Andrea Allison’s day job is working at the City of Plano as the Commercial Recycling Coordinator so she is, of course, environmentally friendly. Earlier this year she tried her hand at an eco-friendly talent however, that she says was definitely out of her comfort zone. Allison took part in the Plano Live Green Expo’s eco-friendly fashion show along with the number of talented high school students who took the fashion show by storm.

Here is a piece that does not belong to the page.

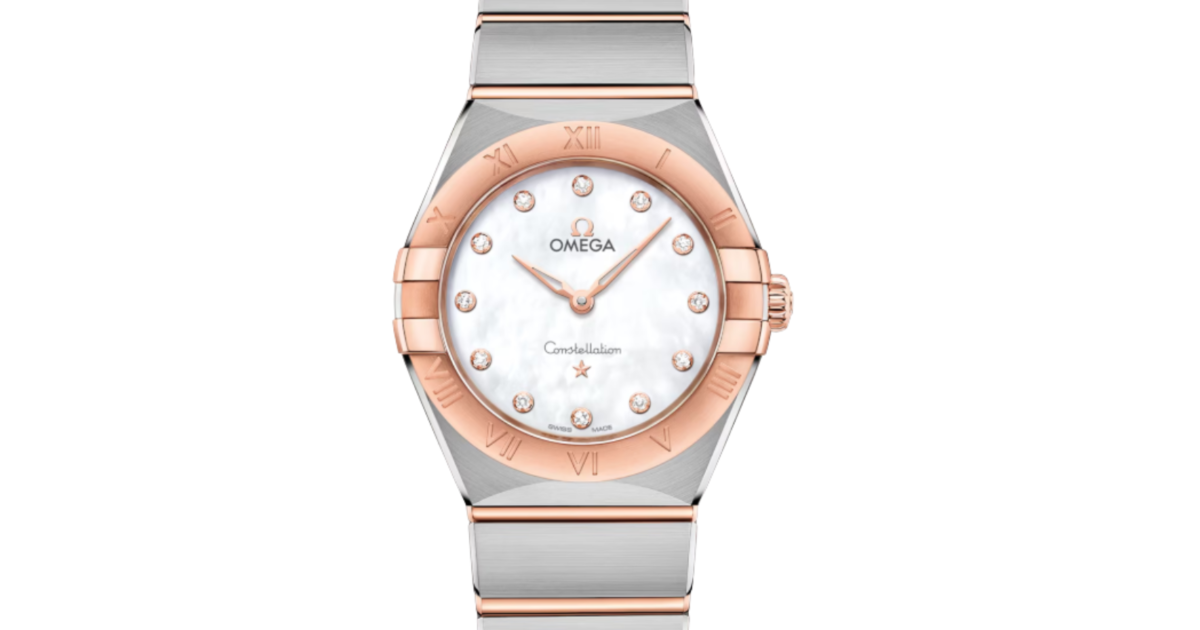 Omega Constellation Co-Axial Master Chronometer 28mm Steel Sedna Gold White Dial 131.20.28.60.55.001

However, another group that also wowed the audience of which Allison was a part of was called Trashion Designers.  The Trashion Designers were put to the test, and they passed, to design fashion made from materials or supplies that would normally be discarded or articles used for apparel or adornment, which is not its original intended purpose.  Allison’s design was a dashiki made from a used bath towel and sample drapery squares, which she purchased from Joanne Fabrics for a $1.  Her grandson Trey then modeled her design on stage at the fashion show.



 

 

 

 

 

 

 

 


Dashiki front, Dashiki back, Dress of gift bags and lei's

“My original concept was to make an outfit made from Caprisun containers for my eight-year-old grandson to wear.  The containers are so colorful and youthful,” Allison says.  “I had to scratch the Caprisun sun packaging idea though as they are not flexible [enough] to work with and even when I attempted to sew them on a thin fabric it didn’t have the look I wanted to achieve in my head.”

Allison says she decided to participate in the fashion show this year for a number of reasons “I am not in the industry at all,” she says speaking of the fashion industry “I just happened into the fashion show because this project was one of interest to me of the projects to be done for the City’s Live Green Expo.” 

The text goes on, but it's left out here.